THE PROBLEM – Here the job is to restate every entry word for word.

Segment Open

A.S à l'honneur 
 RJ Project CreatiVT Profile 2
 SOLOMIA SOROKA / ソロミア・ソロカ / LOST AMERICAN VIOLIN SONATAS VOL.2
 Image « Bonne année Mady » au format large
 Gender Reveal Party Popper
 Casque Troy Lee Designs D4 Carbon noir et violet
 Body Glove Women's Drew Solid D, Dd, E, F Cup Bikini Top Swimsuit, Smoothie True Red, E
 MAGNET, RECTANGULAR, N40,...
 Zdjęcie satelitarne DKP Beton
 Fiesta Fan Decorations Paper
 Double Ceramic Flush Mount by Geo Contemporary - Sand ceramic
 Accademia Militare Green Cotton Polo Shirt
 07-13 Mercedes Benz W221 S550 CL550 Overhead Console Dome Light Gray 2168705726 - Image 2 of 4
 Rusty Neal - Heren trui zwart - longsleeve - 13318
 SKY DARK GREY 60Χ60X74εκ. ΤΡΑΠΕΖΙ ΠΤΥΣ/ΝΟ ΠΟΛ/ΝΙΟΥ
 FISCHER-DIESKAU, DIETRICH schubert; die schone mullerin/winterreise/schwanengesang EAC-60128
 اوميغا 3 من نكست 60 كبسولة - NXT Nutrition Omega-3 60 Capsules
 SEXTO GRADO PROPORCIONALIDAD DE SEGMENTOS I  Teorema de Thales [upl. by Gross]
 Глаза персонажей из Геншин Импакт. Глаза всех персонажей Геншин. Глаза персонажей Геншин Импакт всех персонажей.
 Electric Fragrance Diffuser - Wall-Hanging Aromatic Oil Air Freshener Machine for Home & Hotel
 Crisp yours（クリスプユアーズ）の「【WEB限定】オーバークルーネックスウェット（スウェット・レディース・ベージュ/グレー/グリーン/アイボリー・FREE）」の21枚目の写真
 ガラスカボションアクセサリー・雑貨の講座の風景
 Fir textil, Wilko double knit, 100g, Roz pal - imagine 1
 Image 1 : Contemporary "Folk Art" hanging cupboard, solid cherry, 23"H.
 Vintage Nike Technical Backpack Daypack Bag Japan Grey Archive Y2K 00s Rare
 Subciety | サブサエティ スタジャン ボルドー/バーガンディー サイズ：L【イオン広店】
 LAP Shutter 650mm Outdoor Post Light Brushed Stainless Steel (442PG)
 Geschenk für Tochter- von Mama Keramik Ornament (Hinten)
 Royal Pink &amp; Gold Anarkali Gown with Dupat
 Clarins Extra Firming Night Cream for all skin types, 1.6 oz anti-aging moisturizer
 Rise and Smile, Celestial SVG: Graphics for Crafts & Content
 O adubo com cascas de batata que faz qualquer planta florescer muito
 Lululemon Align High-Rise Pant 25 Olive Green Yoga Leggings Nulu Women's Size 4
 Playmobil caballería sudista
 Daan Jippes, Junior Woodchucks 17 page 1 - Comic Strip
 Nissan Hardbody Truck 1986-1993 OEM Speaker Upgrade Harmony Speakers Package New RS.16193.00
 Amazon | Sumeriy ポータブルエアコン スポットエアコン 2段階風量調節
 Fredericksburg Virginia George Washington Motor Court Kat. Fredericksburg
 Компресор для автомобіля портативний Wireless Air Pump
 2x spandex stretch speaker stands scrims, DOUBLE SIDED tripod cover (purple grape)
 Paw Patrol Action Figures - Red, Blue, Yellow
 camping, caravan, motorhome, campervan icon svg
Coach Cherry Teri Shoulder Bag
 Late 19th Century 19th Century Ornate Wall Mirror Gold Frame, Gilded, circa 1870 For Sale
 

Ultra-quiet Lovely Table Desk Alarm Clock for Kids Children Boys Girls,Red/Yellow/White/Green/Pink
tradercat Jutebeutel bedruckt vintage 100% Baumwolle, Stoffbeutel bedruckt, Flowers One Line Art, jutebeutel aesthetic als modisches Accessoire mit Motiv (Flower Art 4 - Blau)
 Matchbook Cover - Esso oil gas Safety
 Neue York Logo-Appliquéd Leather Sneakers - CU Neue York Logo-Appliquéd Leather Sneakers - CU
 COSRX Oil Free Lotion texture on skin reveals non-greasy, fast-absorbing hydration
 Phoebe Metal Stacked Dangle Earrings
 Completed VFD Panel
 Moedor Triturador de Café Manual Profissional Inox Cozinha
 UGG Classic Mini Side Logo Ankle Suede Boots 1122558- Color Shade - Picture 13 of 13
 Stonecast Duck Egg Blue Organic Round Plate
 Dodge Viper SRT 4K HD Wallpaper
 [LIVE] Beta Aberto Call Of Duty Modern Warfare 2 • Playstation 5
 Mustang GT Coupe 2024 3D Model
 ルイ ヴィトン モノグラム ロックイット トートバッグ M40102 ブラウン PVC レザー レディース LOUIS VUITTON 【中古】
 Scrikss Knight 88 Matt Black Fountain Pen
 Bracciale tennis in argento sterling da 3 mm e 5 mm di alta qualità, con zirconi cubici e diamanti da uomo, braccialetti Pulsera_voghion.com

Segment Closed

TASK OUTPUT –
A.S à l'honneur 
 RJ Project CreatiVT Profile 2
 SOLOMIA SOROKA / ソロミア・ソロカ / LOST AMERICAN VIOLIN SONATAS VOL.2
 Image « Bonne année Mady » au format large
 Gender Reveal Party Popper
 Casque Troy Lee Designs D4 Carbon noir et violet
 Body Glove Women's Drew Solid D, Dd, E, F Cup Bikini Top Swimsuit, Smoothie True Red, E
 MAGNET, RECTANGULAR, N40,...
 Zdjęcie satelitarne DKP Beton
 Fiesta Fan Decorations Paper
 Double Ceramic Flush Mount by Geo Contemporary - Sand ceramic
 Accademia Militare Green Cotton Polo Shirt
 07-13 Mercedes Benz W221 S550 CL550 Overhead Console Dome Light Gray 2168705726 - Image 2 of 4
 Rusty Neal - Heren trui zwart - longsleeve - 13318
 SKY DARK GREY 60Χ60X74εκ. ΤΡΑΠΕΖΙ ΠΤΥΣ/ΝΟ ΠΟΛ/ΝΙΟΥ
 FISCHER-DIESKAU, DIETRICH schubert; die schone mullerin/winterreise/schwanengesang EAC-60128
 اوميغا 3 من نكست 60 كبسولة - NXT Nutrition Omega-3 60 Capsules
 SEXTO GRADO PROPORCIONALIDAD DE SEGMENTOS I  Teorema de Thales [upl. by Gross]
 Глаза персонажей из Геншин Импакт. Глаза всех персонажей Геншин. Глаза персонажей Геншин Импакт всех персонажей.
 Electric Fragrance Diffuser - Wall-Hanging Aromatic Oil Air Freshener Machine for Home & Hotel
 Crisp yours（クリスプユアーズ）の「【WEB限定】オーバークルーネックスウェット（スウェット・レディース・ベージュ/グレー/グリーン/アイボリー・FREE）」の21枚目の写真
 ガラスカボションアクセサリー・雑貨の講座の風景
 Fir textil, Wilko double knit, 100g, Roz pal - imagine 1
 Image 1 : Contemporary "Folk Art" hanging cupboard, solid cherry, 23"H.
 Vintage Nike Technical Backpack Daypack Bag Japan Grey Archive Y2K 00s Rare
 Subciety | サブサエティ スタジャン ボルドー/バーガンディー サイズ：L【イオン広店】
 LAP Shutter 650mm Outdoor Post Light Brushed Stainless Steel (442PG)
 Geschenk für Tochter- von Mama Keramik Ornament (Hinten)
 Royal Pink &amp; Gold Anarkali Gown with Dupat
 Clarins Extra Firming Night Cream for all skin types, 1.6 oz anti-aging moisturizer
 Rise and Smile, Celestial SVG: Graphics for Crafts & Content
 O adubo com cascas de batata que faz qualquer planta florescer muito
 Lululemon Align High-Rise Pant 25 Olive Green Yoga Leggings Nulu Women's Size 4
 Playmobil caballería sudista
 Daan Jippes, Junior Woodchucks 17 page 1 - Comic Strip
 Nissan Hardbody Truck 1986-1993 OEM Speaker Upgrade Harmony Speakers Package New RS.16193.00
 Amazon | Sumeriy ポータブルエアコン スポットエアコン 2段階風量調節
 Fredericksburg Virginia George Washington Motor Court Kat. Fredericksburg
 Компресор для автомобіля портативний Wireless Air Pump
 2x spandex stretch speaker stands scrims, DOUBLE SIDED tripod cover (purple grape)
 Paw Patrol Action Figures - Red, Blue, Yellow
 camping, caravan, motorhome, campervan icon svg
Coach Cherry Teri Shoulder Bag
 Late 19th Century 19th Century Ornate Wall Mirror Gold Frame, Gilded, circa 1870 For Sale
 

Ultra-quiet Lovely Table Desk Alarm Clock for Kids Children Boys Girls,Red/Yellow/White/Green/Pink
tradercat Jutebeutel bedruckt vintage 100% Baumwolle, Stoffbeutel bedruckt, Flowers One Line Art, jutebeutel aesthetic als modisches Accessoire mit Motiv (Flower Art 4 - Blau)
 Matchbook Cover - Esso oil gas Safety
 Neue York Logo-Appliquéd Leather Sneakers - CU Neue York Logo-Appliquéd Leather Sneakers - CU
 COSRX Oil Free Lotion texture on skin reveals non-greasy, fast-absorbing hydration
 Phoebe Metal Stacked Dangle Earrings
 Completed VFD Panel
 Moedor Triturador de Café Manual Profissional Inox Cozinha
 UGG Classic Mini Side Logo Ankle Suede Boots 1122558- Color Shade - Picture 13 of 13
 Stonecast Duck Egg Blue Organic Round Plate
 Dodge Viper SRT 4K HD Wallpaper
 [LIVE] Beta Aberto Call Of Duty Modern Warfare 2 • Playstation 5
 Mustang GT Coupe 2024 3D Model
 ルイ ヴィトン モノグラム ロックイット トートバッグ M40102 ブラウン PVC レザー レディース LOUIS VUITTON 【中古】
 Scrikss Knight 88 Matt Black Fountain Pen
 Bracciale tennis in argento sterling da 3 mm e 5 mm di alta qualità, con zirconi cubici e diamanti da uomo, braccialetti Pulsera_voghion.com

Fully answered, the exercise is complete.